Nina stayed quiet, and when she took her plate to the sink, I said over my salad:
“Tomorrow after school we’ll go to the library and look for some books on snails.”
When she ran out of the room to tell Mišo, Dano looked at me like I was out of my mind, and why couldn’t we just look something up on the web and watch an educational video.
“Don’t you start with me too,” I said, exhausted.
***
If nothing else, at least the kids had inherited my love of books. When we walked into the children’s section of the city library, I automatically turned toward the stacks. When I was a kid I used to read one book after another, I’d check out ten and return them a couple of days later, then I’d raid the rest of the shelf, and the following week I’d move on to the next one.
Back then the librarians knew me by name. Nowadays they also treated us like regulars, but the difference was that the bespectacled heavyset ladies in the children’s section had been replaced by a thin curly-haired twenty-something guy. I was sure that after we left he’d whack off. He didn’t give the impression of being a weirdo or a pedophile, not at all, I just thought that he took advantage of every opportunity: the last kid leaves, there’s a scent left behind, arousal and moms’ perfumes, five minutes before closing he straightens the books on the counter, and then he whips it out.
“Snails? Let’s have a look.”
Hunching a bit, he walked ahead of me toward the encyclopedias. The kids sat down in the reading room with books that had piqued their interest. Nina picked up a new retelling of Cinderella, I don’t know what draws her to it, sometimes she just looks at what the princesses are wearing, even though most of the illustrations literally make my eyes hurt. Mišo was looking at the new Minecraft manual, and although I felt like making them do what we came for, I remained quiet and smiled at the librarian. The sooner they forgot about live snails, the better.
The children’s encyclopedias were on the bottom shelf, beaten up and with broken-down bindings, apparently in the internet age no one had searched there for a long time. But the librarian exuded confidence, he didn’t just pull out one book after another, he kept reaching for thick volumes and uttering fake uh-huhs, if there is such a thing. Standing over him I noticed his broad shoulders and the outlines of his muscles under his thin T-shirt.
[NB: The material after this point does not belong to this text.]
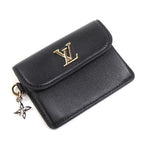 Louis Vuitton Blue Card Holder Recto Verso Case Black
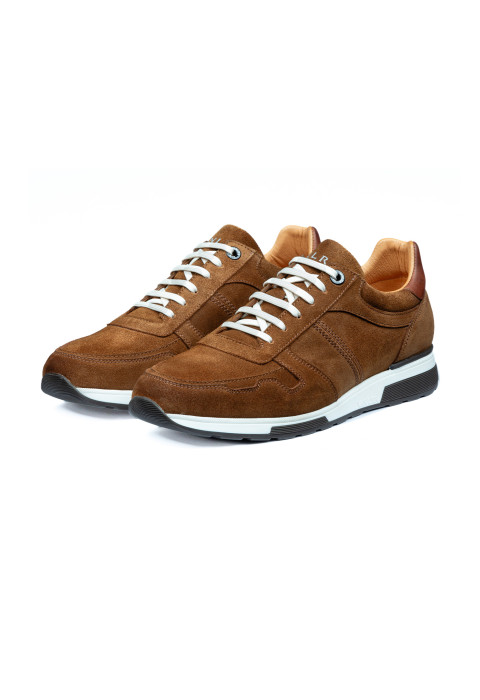 Cognac Wildleder Positano Sneaker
My pulse quickened, I shuddered, then sighed heavily over my reaction. Bent down and with his back to me, he interpreted my sigh the wrong way.
“I’m sorry it’s taking so long,” he said with a nervous laugh. “After all, I’m not Google.”
In my mind I breathed a sigh of relief because although he had a wide back, thankfully he was an idiot, so I didn’t have to think about him—now, in bed at night, or ever.
“It’s hot in here,” I said, exhaled again, and played an awkward charade of fanning myself. He stood up with several books and started to explain why the A/C wasn’t working in their section, but all it did was affirm my belief that I wouldn’t leave Dano for him, and then we moved to a table.
“Look, Mom, here’s a tutorial on making a house shaped like a snail!” Mišo called out excitedly from his book.
“You mean in the shape of a snail shell, don’t you?”
“No, the whole snail.”
The manual really had instructions for building things in the shape of different animals. Sleep in a tiger’s tooth! Look at the world of Minecraft through a giraffe’s eye! Build a garden in an elephant’s ass! I for one would like to sleep in a library with a young librarian—where’s the manual for that?
“Go ahead and build something then, since you’re always playing Minecraft,” I barked, at which point Mišo set aside the manual and lunged at the encyclopedias. Sometimes I feel like the kid does these things on purpose.
Nina joined us, she politely sat down on a chair, even tucked her skirt, nicely and completely naturally. She looked at the pages the librarian was showing her, moving her finger along the lines and reading:
“Snails make suitable pets for children with allergies!”
“Neither of you is allergic to anything,” I said in a milder tone when I saw how happy she was. Normally I’d add that I’m the one with allergies whenever they’d bug me about it, but the librarian beat me to it, saying that he hated animal hair and perhaps he’d get a snail himself. The kids suggested that he should build a terrarium with a plastic castle and a moat full of toy crocodiles.
We stayed for about an hour, copied a few encyclopedia pages, and the children took home some new books. I shelved a few titles, and the librarian shelved the rest. When we brushed up against one another between the shelves, he smiled at me. It made me nauseous until nighttime.
***
The afterschool diary was an invention of the excessively motivated afterschool care teacher, whose name was Emília, but the kids called her Milka, and whenever they mooed at her like cows, she joined in. I could have raised many objections against her life philosophy, but I didn’t say a word, because she was reliable—especially when parents were running late and she had to stay with the kids after hours.
On Friday Dano picked me up at the office, we did our grocery shopping, and then he parked outside the school.
“You go, I’m not in the mood for her,” I said.
Milka was waiting outside with the children and helping them with their backpacks, making big gestures with her arms, and waving at me. While Nina and Mišo ran back to their friends, she kept explaining something to Dano with great fervor. He just put on a smile which I recognized as polite agreement. He’d keep it to himself a little longer, and when the kids weren’t around, he’d spit it out.
I was mistaken. As soon as they got in the car, his smile vanished.
“You’ve got plans for the weekend.”
“We’re going to a terra—” Nina shouted, but she stumbled over the word.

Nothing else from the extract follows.